Statement Of The American Hellenic Institute On The Proposal For A Cyprus Settlement Submitted By The U.N. Secretary-General Kofi Annan

AHI recognizes that the ultimate decision on the U.N. Secretary General Kofi Annan's proposal for settlement of the Cyprus problem rests with the people of Cyprus and their elected representatives and the people of Greece and their elected representatives. AHI's responsibility is to analyze the proposal from an American point of view of what is in the best interests of the U.S.

The agreement recently proposed by Secretary-General Annan for the comprehensive settlement of the Cyprus problem is an even more complicated version of the 1959-1960 London-Zurich agreements imposed on the Greek Cypriots during the Cold War. As currently written, the proposal is undemocratic and unworkable. It also violates key United Nations (U.N.) resolutions and the European Union's (EU) democratic norms and acquis communautaire. The U.S. should be the champion of democratic norms throughout the world, not sham constitutions like the one proposed. Especially now, when our war on international terrorism makes it tempting to subordinate timeless principles to immediate needs, we should be wary of the new Cyprus proposal which elevates expediency over the rule of law. For reasons noted below, the new proposal does not deserve the U.S.'s backing as the basis for settlement of the Cyprus problem.

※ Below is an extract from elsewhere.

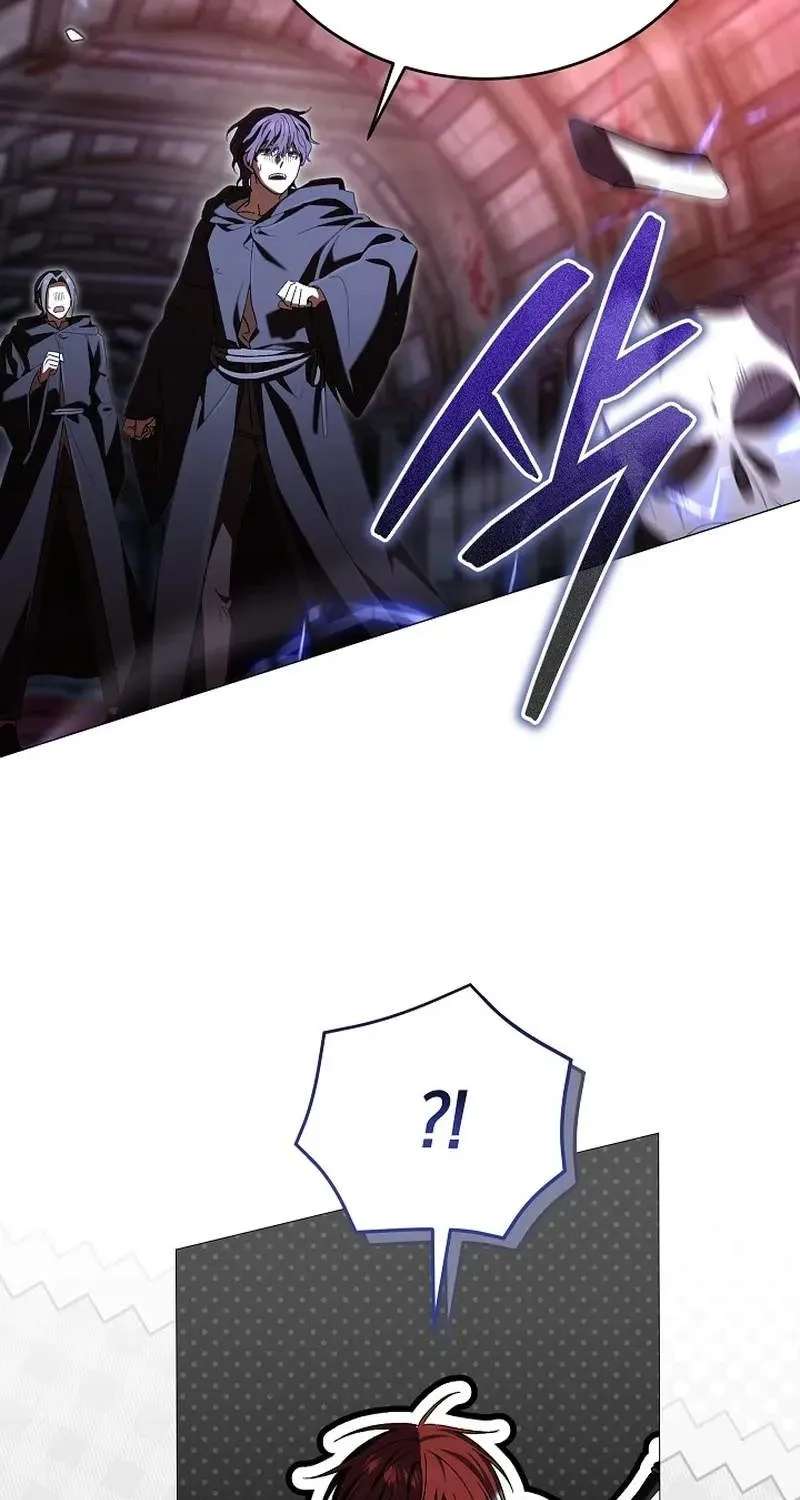 Is It Bad That the Main Character’s a Roleplayer? Chapter 29 - page 84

1. The proposal is undemocratic

The parliamentary system essentially creates a minority veto. The proposal creates a bicameral legislature referred to as Parliament which consists of a Senate and a Chamber of Deputies. The Senate shall be composed of 48 members with 24 members from each component state. The Chamber of Deputies shall also be composed of 48 members elected on a proportional basis. However, each component state is guaranteed to have a minimum of one-fourth of the seats of the Chamber of Deputies. (Constitution Art. 20)

Laws are enacted by majority vote of each house of Parliament as long as at least one-fourth of the senators from each component state comprises the majority vote in the Senate, thus creating a veto power for the 18% Turkish Cypriot minority. The following key matters require a vote of 2/5 of the senators from each component state (Constitution Art. 23):

  1. Ratification of international agreements on matters within the competence
    of the component states,
  2. Ratification of treaties, adoption of laws concerning airspace, continental
    shelf and territorial waters of Cyprus,
  3. Adoption of laws concerning citizenship, immigration, and taxation,
  4. Approval of the budget of the common state,
  5. Election of the Presidential Council.

Regardless of the composition of the Parliament, each component state in effect has 1 vote on fundamental laws. No fundamental laws can be enacted unless both of the component states consent to any such law. This means that although the Turkish Cypriot component state will compromise 18% of the population of Cyprus, it will have a weighed vote equal to the vote of the Greek Cypriot component state which will compromise 80% of the population. This arrangement is clearly undemocratic and a recipe for stalemate.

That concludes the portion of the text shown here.